--- The data ---
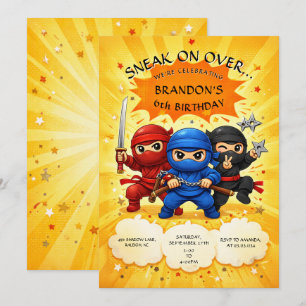 Cute Colorful Trio Ninja Comic Kids Birthday Invitation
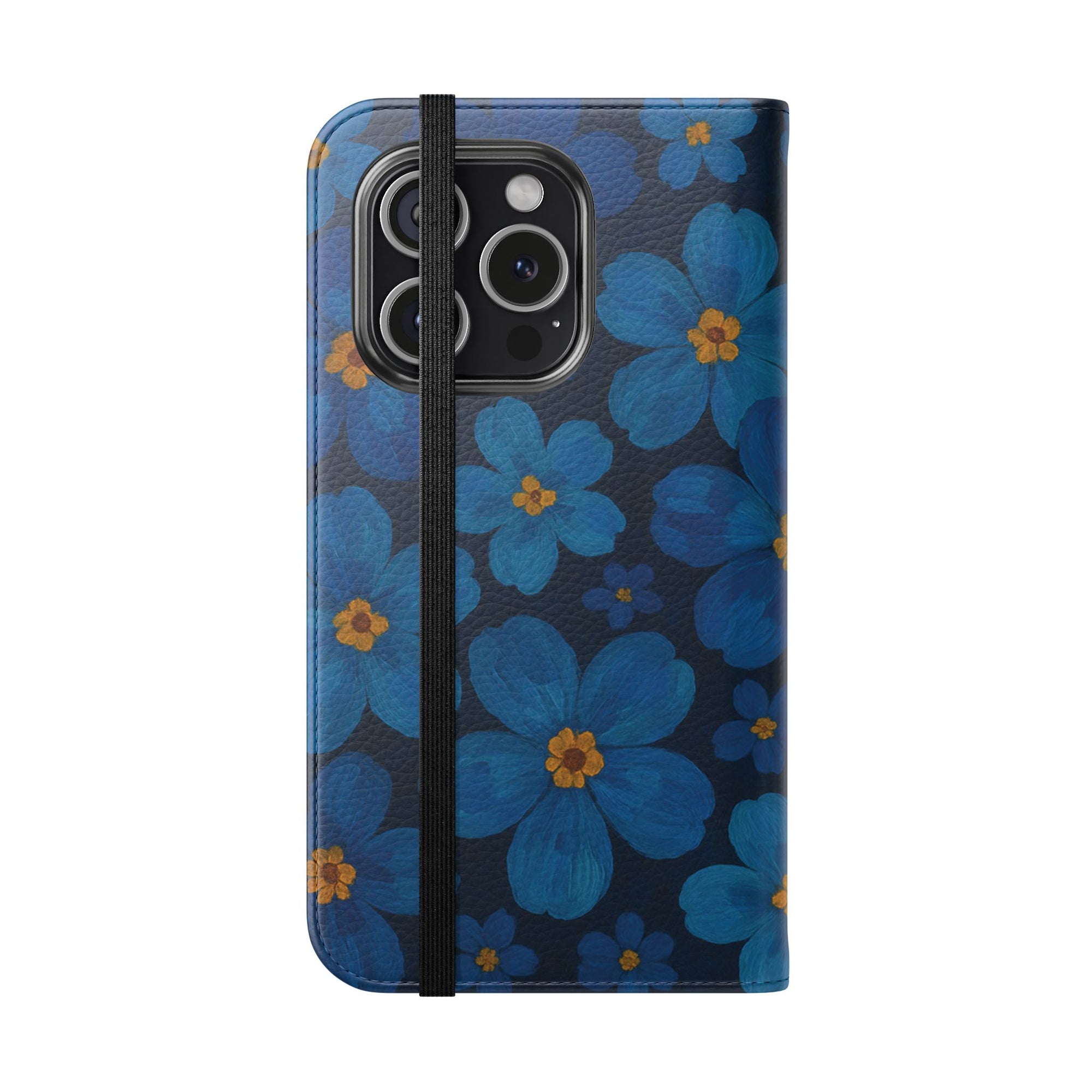 Floral Flip Phone Case - Elegant Blue Flower Design, Phone Accessory, Gift for Her, Trendy Organizer, Birthday, Mother's Day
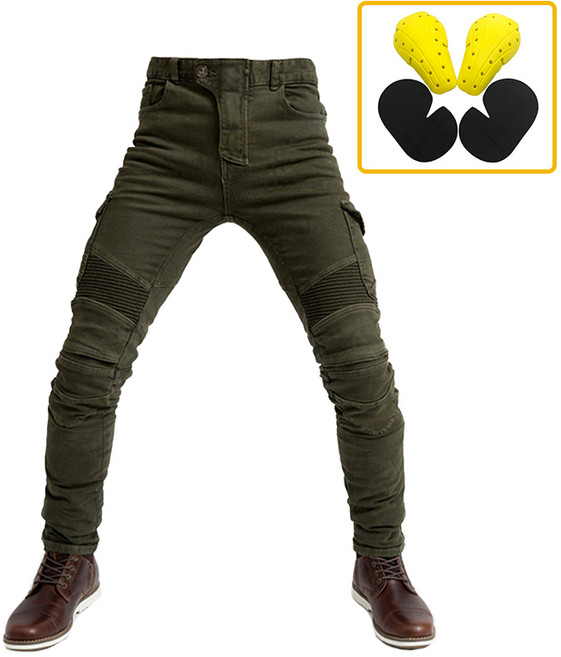 오토바이 라이딩진 바이크진 카고바지 슬림핏 팬츠, 01_카고바지(카키)-기본보호대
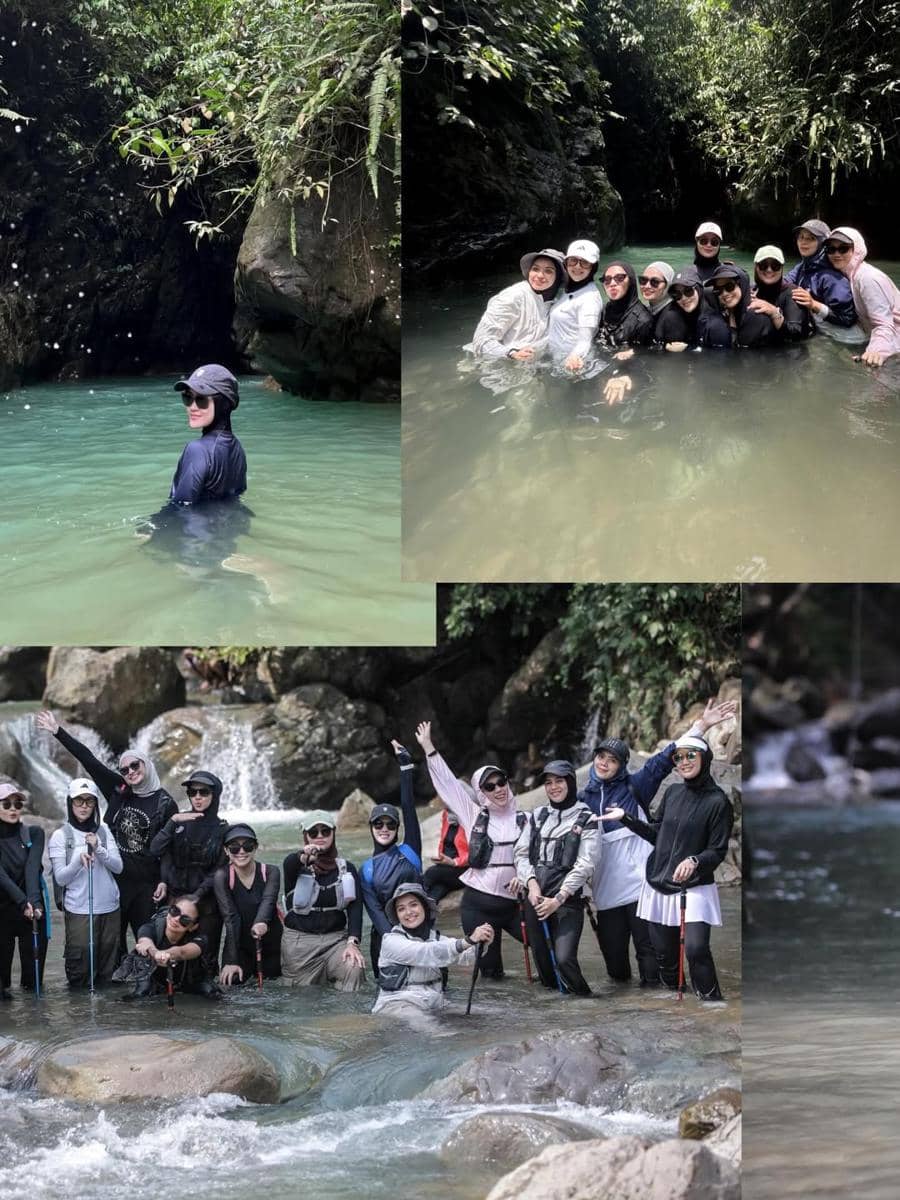 Henny Rahman trekking ke curug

--- About this exercise ---
Retype all the data exactly. Omit pictures.

--- Answer to the problem ---
 Cute Colorful Trio Ninja Comic Kids Birthday Invitation
 Floral Flip Phone Case - Elegant Blue Flower Design, Phone Accessory, Gift for Her, Trendy Organizer, Birthday, Mother's Day
 오토바이 라이딩진 바이크진 카고바지 슬림핏 팬츠, 01_카고바지(카키)-기본보호대
 Henny Rahman trekking ke curug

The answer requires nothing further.